▶ [TASK TO COMPLETE]:
Ignore the pictures in the data below and set down exactly the lines from its first line through the line containing "Casa em Condomínio".

▶ [MATERIAL PROVIDED]:

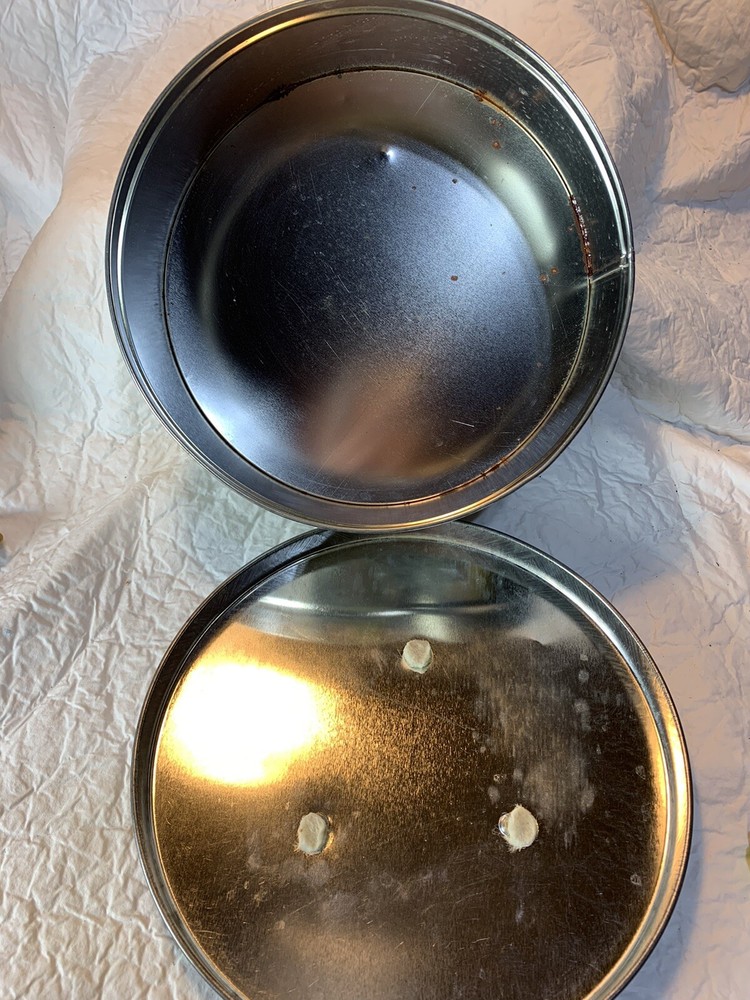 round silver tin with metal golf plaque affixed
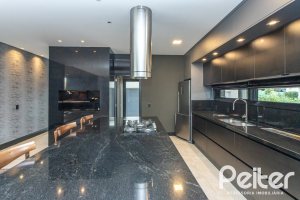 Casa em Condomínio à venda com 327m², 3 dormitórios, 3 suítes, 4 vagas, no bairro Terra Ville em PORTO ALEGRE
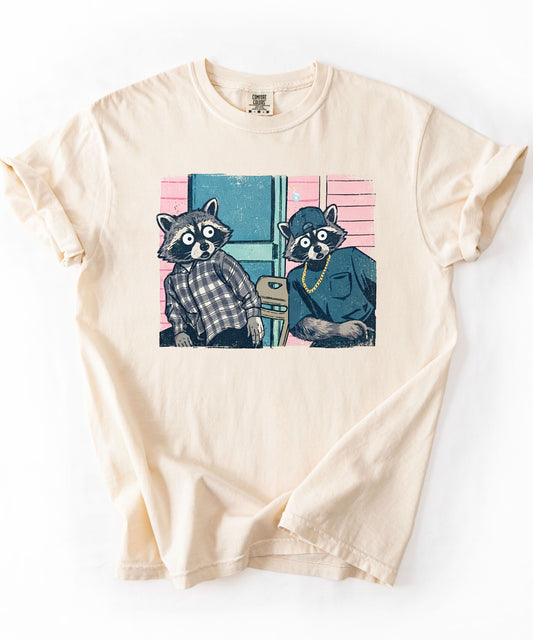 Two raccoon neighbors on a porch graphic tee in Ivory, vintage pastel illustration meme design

▶ [WRITTEN RESPONSE]:
 round silver tin with metal golf plaque affixed
 Casa em Condomínio à venda com 327m², 3 dormitórios, 3 suítes, 4 vagas, no bairro Terra Ville em PORTO ALEGRE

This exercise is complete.